Na początku czerwca Britney Spears po raz trzeci wyszła za mąż. Nowym wybrankiem gwiazdy estrady jest model i trener personalny Sam Asghari, który od początku ich związku wspierał piosenkarkę w walce o uwolnienie się spod kurateli jej ojca. Gdy tylko artystka odzyskała wolność, para natychmiast się zaręczyła.
Niedługo później w domu wokalistki w Thousand Oaks w Kalifornii Britney i Sam wzięli ślub. Już jako małżeństwo zamieszkali w kupionej z tej okazji ogromnej rezydencji położonej za wzgórzach pobliskiego Calabasas. Ale po zaledwie kilku miesiącach Spears postanowiła jednak pozbyć się tej imponującej nieruchomości.
Jak wyjawiła w styczniu w rozmowie z "HollywoodLife" znajoma wokalistki, ona i jej mąż zdecydowali się wystawić imponującą posiadłość na sprzedaż, bo nie czuli się tam komfortowo.
"Britney i Sam mieszkają teraz w Thousand Oaks. Britney zawsze miała do tego domu szczególny sentyment. Czuje się tam bezpieczniej, z tym miejscem wiąże się wiele wspomnień. Nowa rezydencja okazała się zwyczajnie za duża. Brakowało jej też prywatności" – wyjawiła informator serwisu.
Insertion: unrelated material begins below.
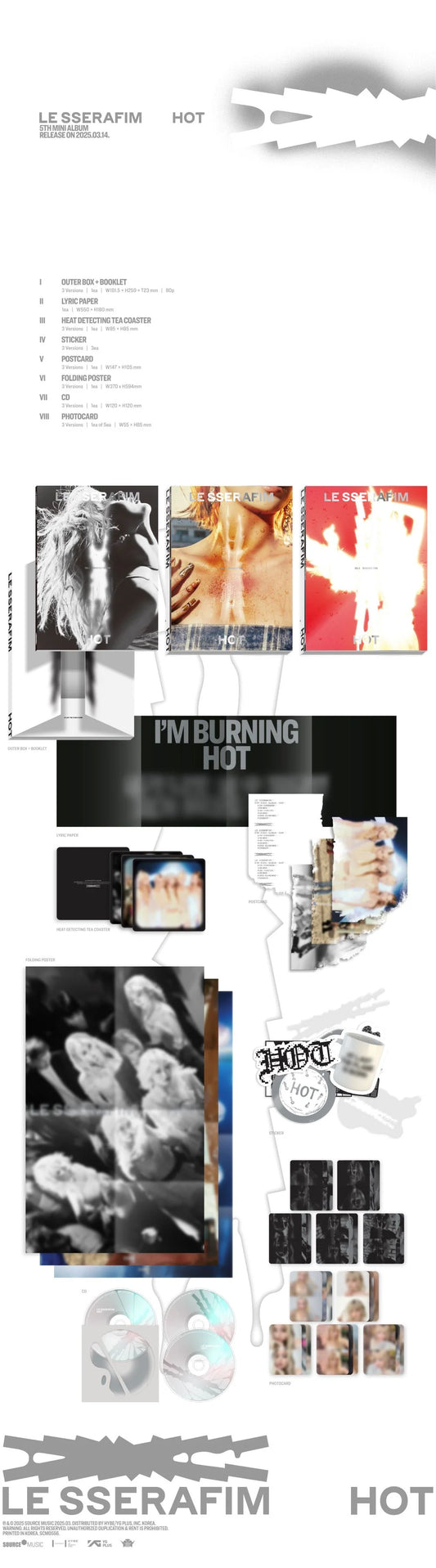 LE SSERAFIM - HOT [Standard Ver.]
Jak tymczasem informuje magazyn "People", Spears właśnie udało się znaleźć kupca. Na transakcji jednak nie zarobiła. Przeciwnie – sprzedała ona willę ze stratą sięgającą 2 mln dolarów. Za dom, który Spears kupiła za niespełna 12 mln dolarów, nowy właściciel zapłacił bowiem nieco ponad 10 mln.
Utrzymana w stylu neoklasycystycznym rezydencja w Calabasas ma siedem sypialni, dziewięć łazienek, obszerną spiżarnię, kuchnię z barem śniadaniowym, jadalnię, piwnicę na wino, salon z kominkiem, dwie garderoby oraz gabinet. Atutem posiadłości są liczne udogodnienia, w tym prywatne kino, basen z jacuzzi, zadaszone i ogrzewane patio, domek dla gości, a nawet pokój do pakowania prezentów.